England are due to name a squad for the limited-overs series against Sri Lanka later this week, with the group scheduled to meet up on June 19 ahead of the first T20I in Cardiff on June 23. Eoin Morgan suggested in March that he was expecting to be without England's multi-format players during this summer's white-ball series, but their unavailability for the ongoing New Zealand Tests following the IPL could yet see them named in this squad.

Players selected for the white-ball squads and not involved in the squad for the second New Zealand Test will be available to appear in up to six rounds of the Blast, depending on their respective teams' fixture lists. That means Buttler and Stokes are both likely to play more games in the Blast than in the Hundred this summer, with England's Test players set to play a maximum of three group games and the knockout stages in the new 100-ball competition.

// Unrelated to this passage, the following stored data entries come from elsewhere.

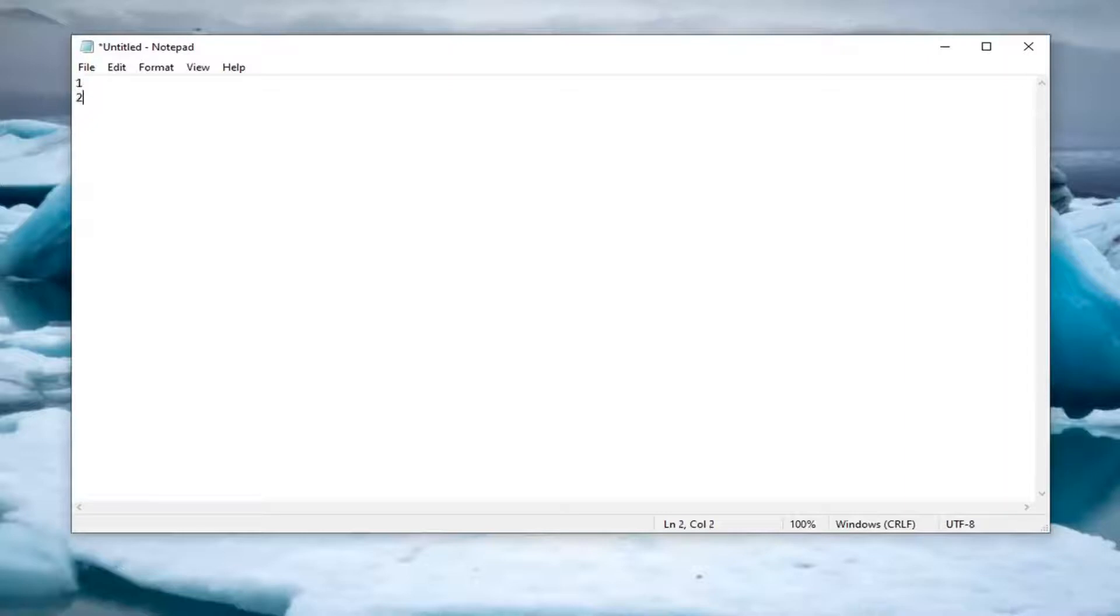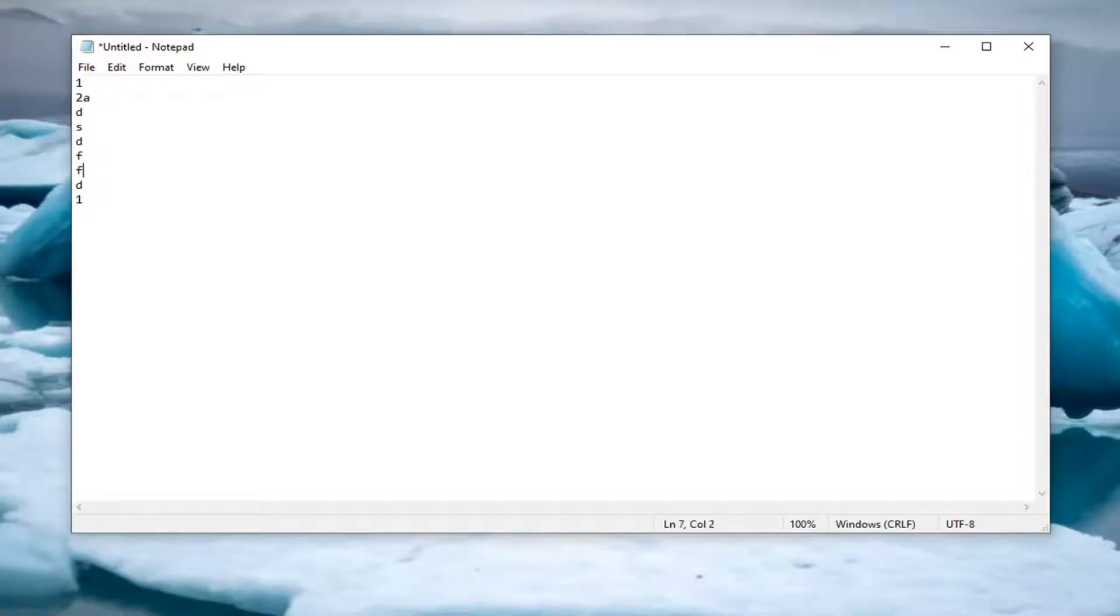So let's just say I start typing random letters here, or just random lines. You can see as I add new text to this text file here, you see that the line number changes down here at the bottom. If you don't see this bar, you might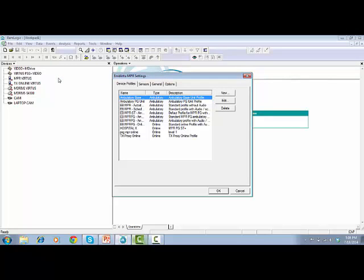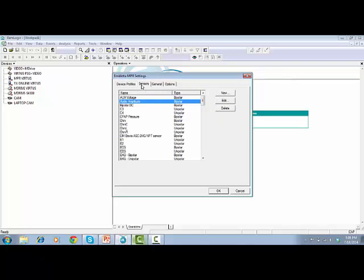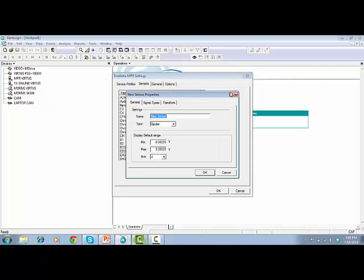Embrita MPR Settings window will pop up. Go to the tab Sensors and click on New. A new sensor properties window will pop up.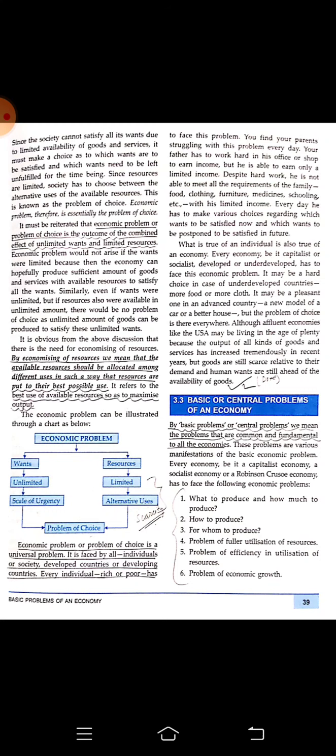The economic problem or problem of choice is a universal problem — it is faced by all individuals and societies, whether developed or developing countries, and by individuals whether rich or poor. Each person faces their own kind of problem. For example, a poor person may not be able to meet their basic needs, while a rich person may face the problem of not having sufficient luxurious items. The nature of the problem changes according to one's status, but every individual is within this economic problem.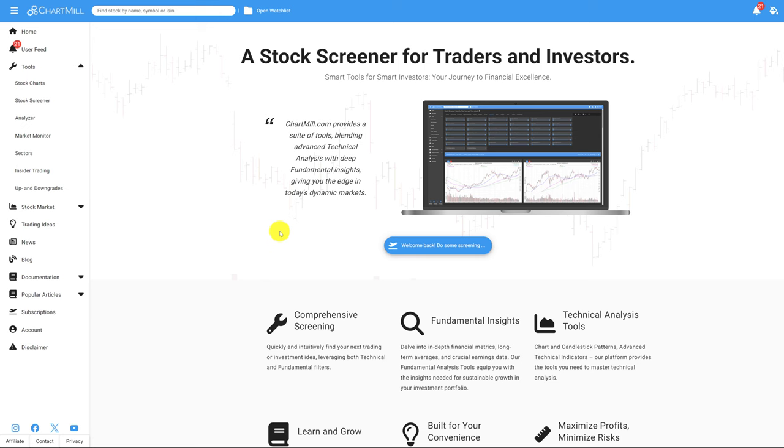Welcome to Chartwell. In today's video I take a look at 3 different screens for finding good short setups.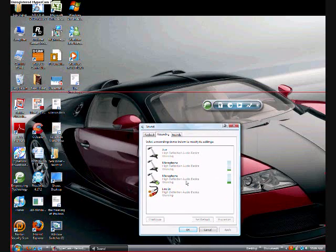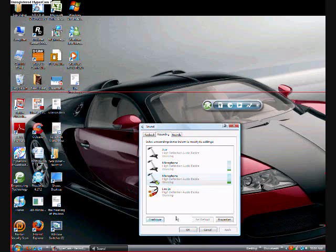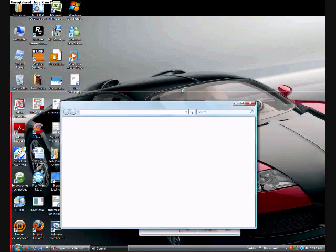First, you have to connect your headphones. For this video, I am using the Apple headphones. They work very well — I recommend that you use them.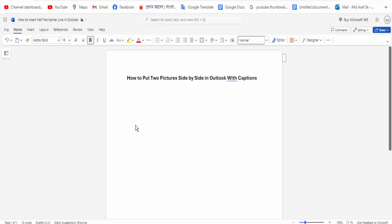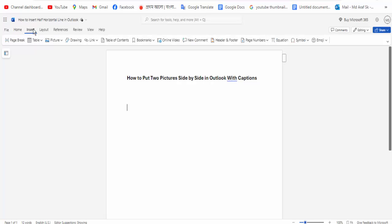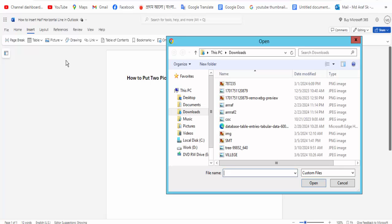First, open your document. Go to the Insert menu option and click for the Picture option. Click for This Device option, then select your picture.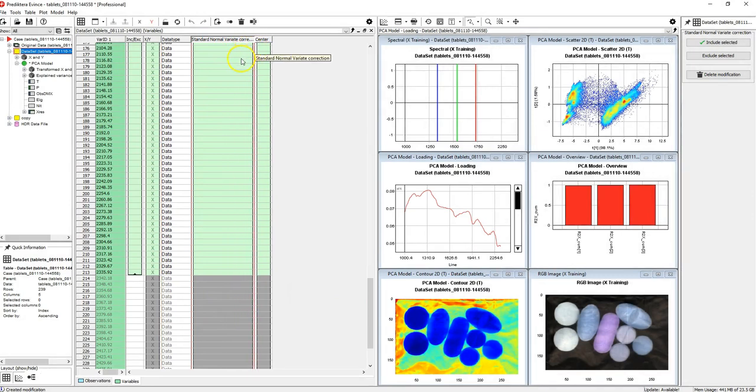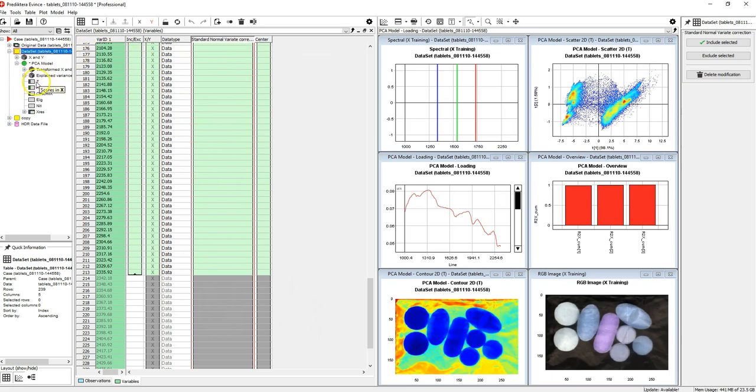If you want to look at specific data as a table, simply drag and drop from the data tree to the table area.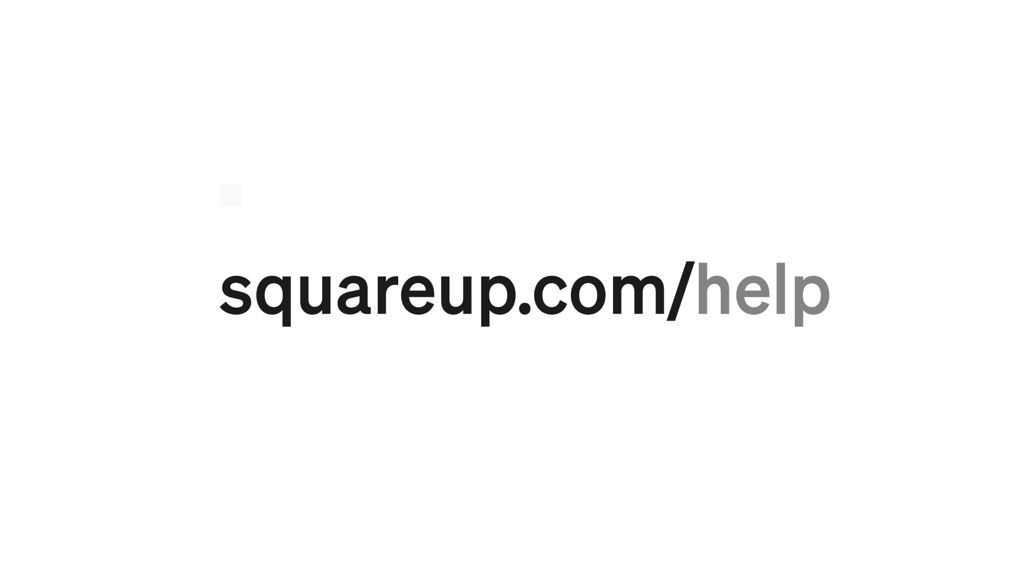To learn more, visit squareup.com help and search keywords or select a topic, like Orders, and view a list of support articles for food and beverage porters.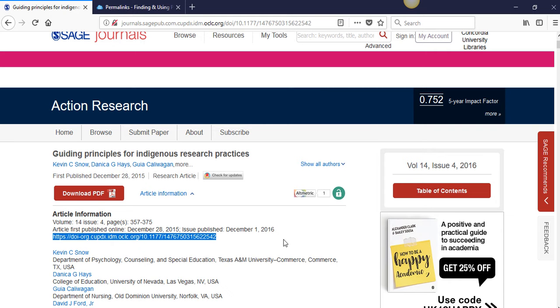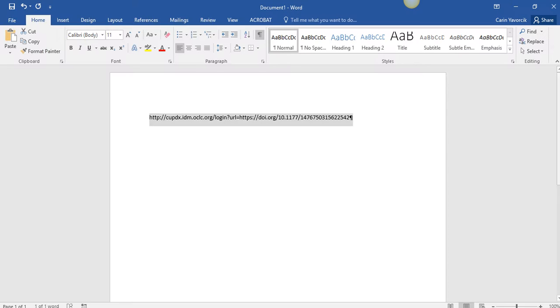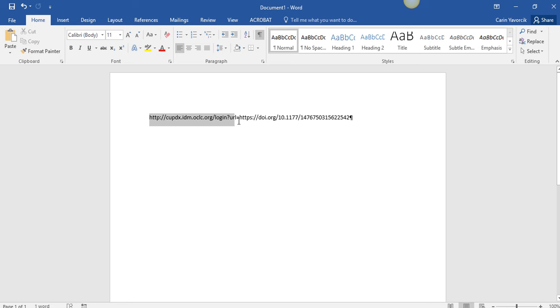If you are on campus, you will need to insert the proxy prefix before the URL in order for the link to work off campus. You must use the proxy prefix in order for the link to work off campus.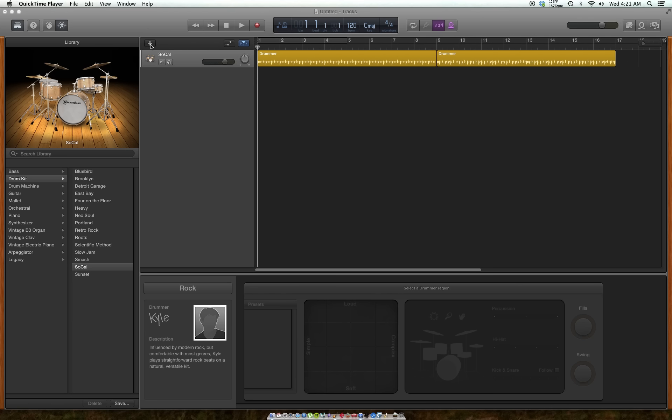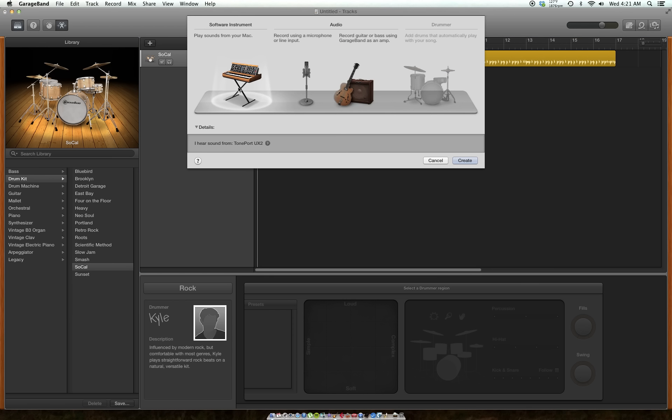And so here's how we do it. We'll create a new instrument track and go to the drum kit, and I'm just going to choose SoCal because that's the one that's already assigned to the drummer track.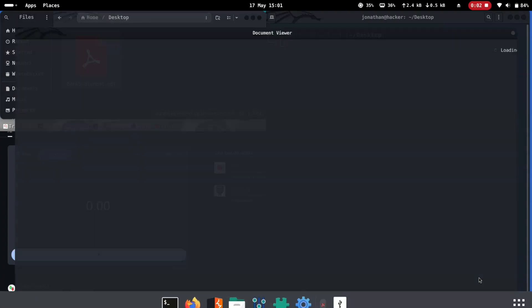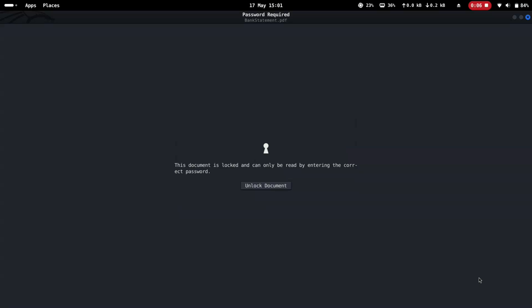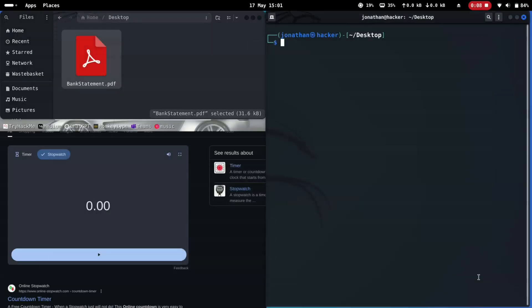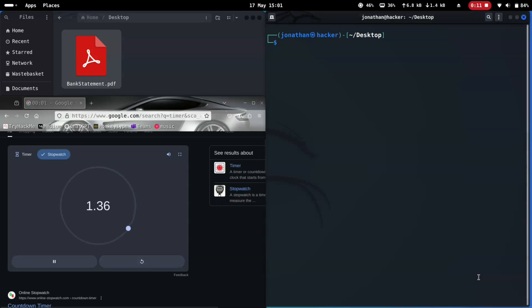Bankstatement.pdf is a password-protected PDF, so let's crack the password. Time starts now. Step 1: extract the password hash from the file.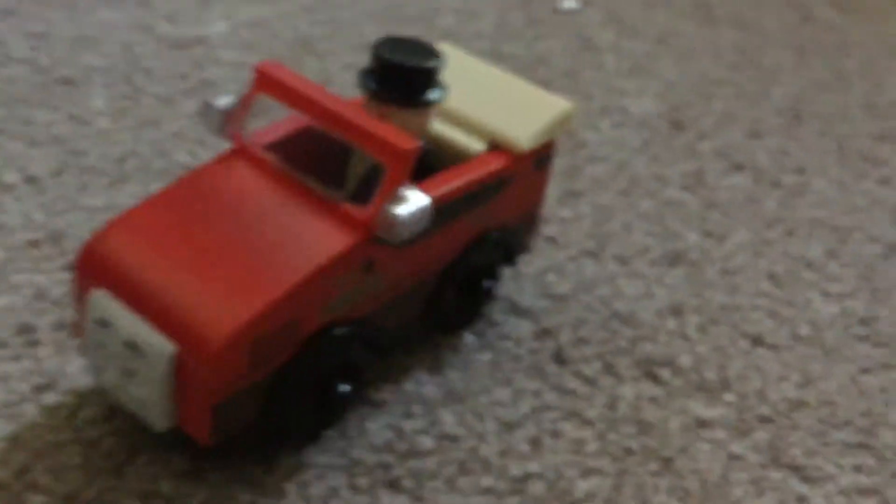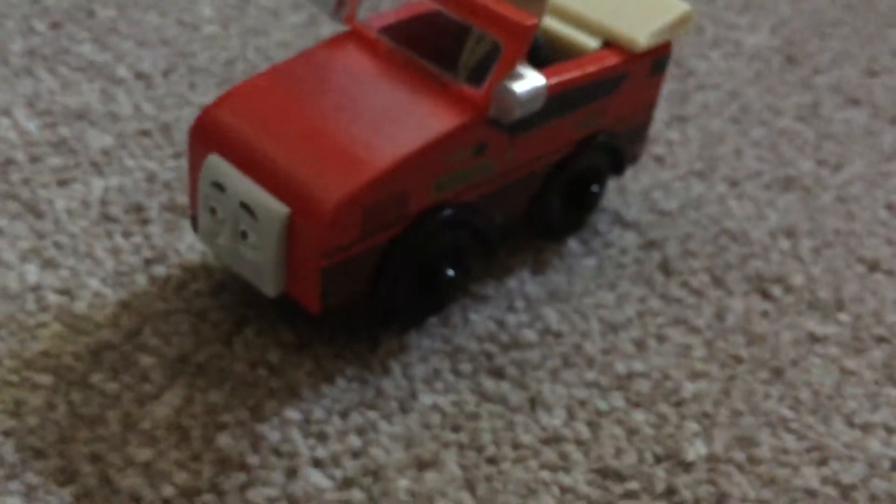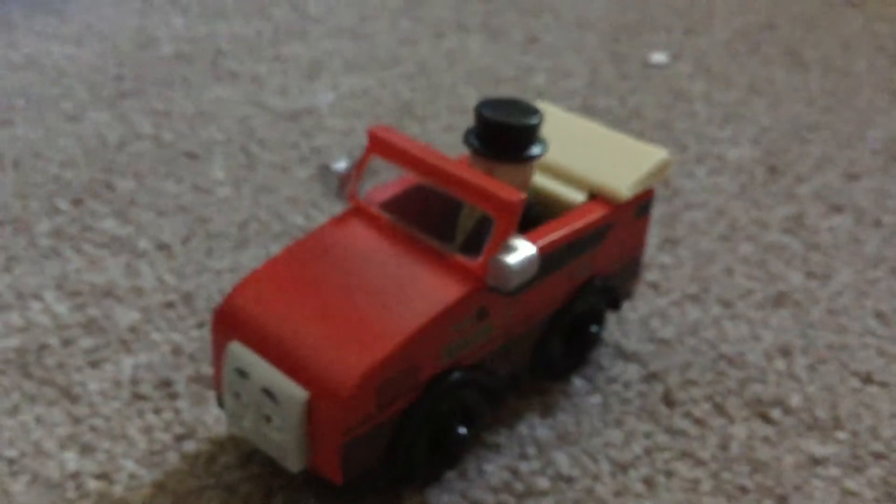Thomas, said the Fat Controller. Today, you shall be doing a special job.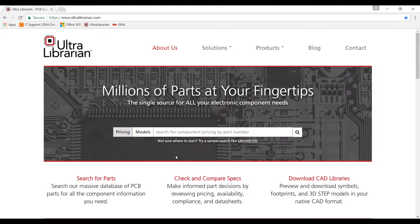Thank you for joining us for this demo of Ultralibrarian. This demonstration will show the generation of a symbol and footprint in PADS. Ultralibrarian provides access to millions of pre-built components and part data, enabling you to make the best component choices on your next design.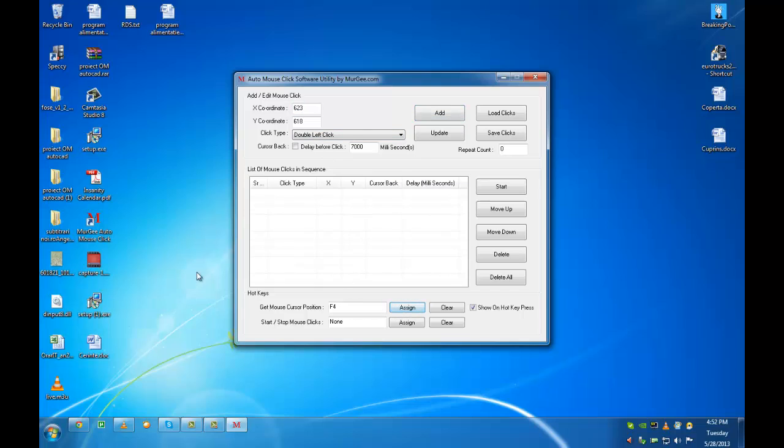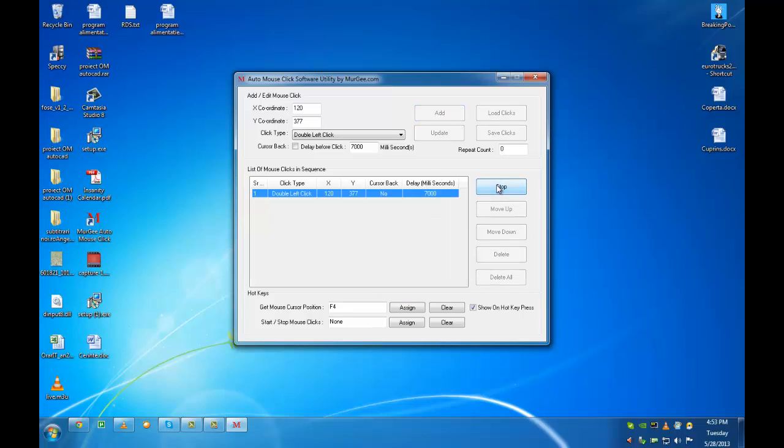Put your mouse cursor where you want to double click and press the hot key. Some coordinates should appear. Press the button add to put it in the list of the mouse.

Buttler - whose last appearance for Lancashire in any format was on Finals Day in 2018 - is set to play the first of his six games on Wednesday afternoon against Derbyshire, in a strong Lancashire side that will also feature Liam Livingstone, Matt Parkinson, Saqib Mahmood and New Zealand's Finn Allen.

Bairstow and Rashid will play their first T20s for Yorkshire since 2016 and 2018 respectively and are set to be available for up to five fixtures, while Dawid Malan and Joe Root will also be partially available. "It's been a while since I've played for Yorkshire because of injury, availability, Covid, all that sort of stuff," Rashid said. "But I'm definitely looking forward to it: it's always a privilege to play for Yorkshire, where I was born and bred."

Chris Woakes, whose last Blast match was in 2018, is also due to appear for Birmingham Bears after he gets through games for the 2nd XI on Monday and Wednesday. Moeen Ali's last match in the Blast was the 2019 final: he missed the whole of Worcestershire's 2020 season while on England duty, but has been warming up for the Blast by playing for their 2nd XI.

Chris Jordan has returned to the UK from Barbados and will play for Sussex this week, but the group stages are likely to come too soon for Jofra Archer as he continues a period of "intensive rehabilitation" following elbow surgery. Morgan himself is due to be available to captain Middlesex in the early stages of their season following a break from the game after the IPL.

Jason Roy, Sam Curran and Tom Curran will all be available for Surrey's opening fixtures. Roy made five Blast appearances last summer, but the Currans have not played since 2019. They were due to play their first unofficial games since the IPL's postponement on Friday, but rain washed out a planned intra-squad friendly at The Oval.